Acting Centers for Disease Control and Prevention (CDC) Director Jay Bhattacharya urged Americans not to panic over the hantavirus outbreak linked to the cruise ship MV Hondius, saying the situation is not comparable to the COVID-19 pandemic.
Bhattacharya discussed the outbreak Sunday during an appearance on CNN’s “State of the Union” while addressing growing public concern surrounding the virus and evacuation efforts involving American passengers.
“I don’t want to cause a public panic,” Bhattacharya said during the interview while discussing the CDC’s response to the outbreak aboard the cruise ship.
“We want to treat it with our hantavirus protocols that were successful at containing outbreaks in the past,” he added while defending the agency’s current monitoring and contact tracing efforts.
Bhattacharya stressed that hantavirus does not spread in the same manner as COVID-19 and argued the outbreak does not pose the same level of public health threat.
“The key message I want to send to your audience is that this is not COVID,” Bhattacharya said. “This is not going to lead to the kind of outbreak” seen during the coronavirus pandemic.
“We shouldn’t be panicking when the evidence doesn’t warrant it,” he added while discussing the current number of infections and public health precautions connected to the outbreak.
Health officials said hantavirus is typically spread through exposure to rodent saliva, urine or droppings and can cause symptoms including fever, vomiting, diarrhea and severe respiratory complications.
According to the CDC, roughly 38% of patients who develop the respiratory phase of hantavirus pulmonary syndrome die from the illness once lung complications emerge, per the New York Post.
The outbreak aboard the MV Hondius involved approximately 150 passengers and crew members before evacuation and disembarkation efforts began near Spain’s Canary Islands over the weekend.
World Health Organization officials said at least three passengers died and five additional individuals became seriously ill after symptoms began appearing aboard the vessel in April.
Bhattacharya said the CDC has been communicating directly with American passengers and preparing for quarantine operations involving those returning to the US from the cruise ship.

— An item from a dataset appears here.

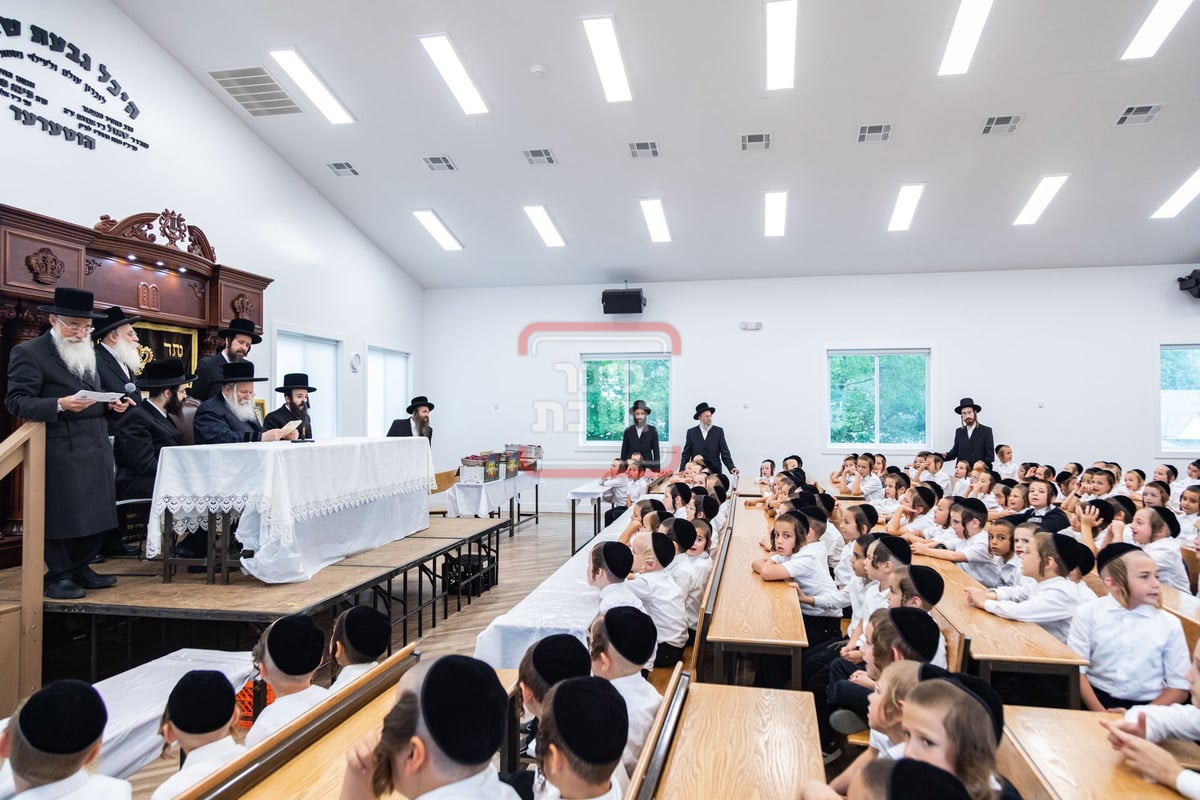 האדמו"ר מבאבוב בביקור במחנה שלווה ד'באבוב 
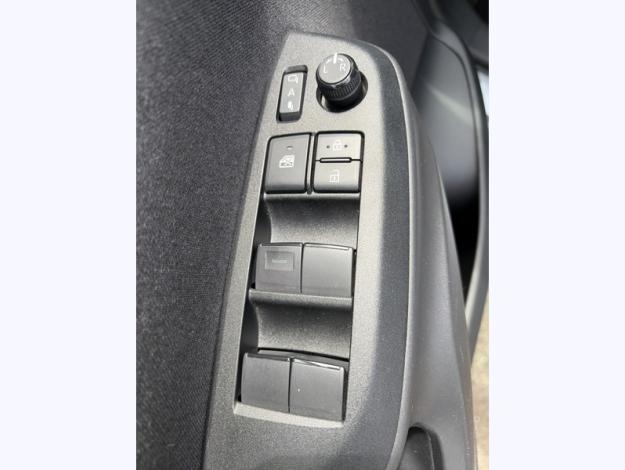 TOYOTA Yaris 116h Design Pack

“We’re preparing to have them evacuated to the Nebraska facility at the University of Nebraska,” Bhattacharya said while describing plans involving specialized quarantine and medical facilities.
The CDC is using response protocols developed during the 2018 Andes hantavirus outbreak in Argentina, which resulted in 11 deaths and involved limited person-to-person transmission.
Bhattacharya also said seven American passengers who previously left the ship before symptoms appeared are being monitored in Arizona, California, Georgia, Texas and Virginia.
He said passengers who traveled on flights with those Americans are considered “contacts of contacts” because the infected individuals were reportedly not symptomatic while flying home.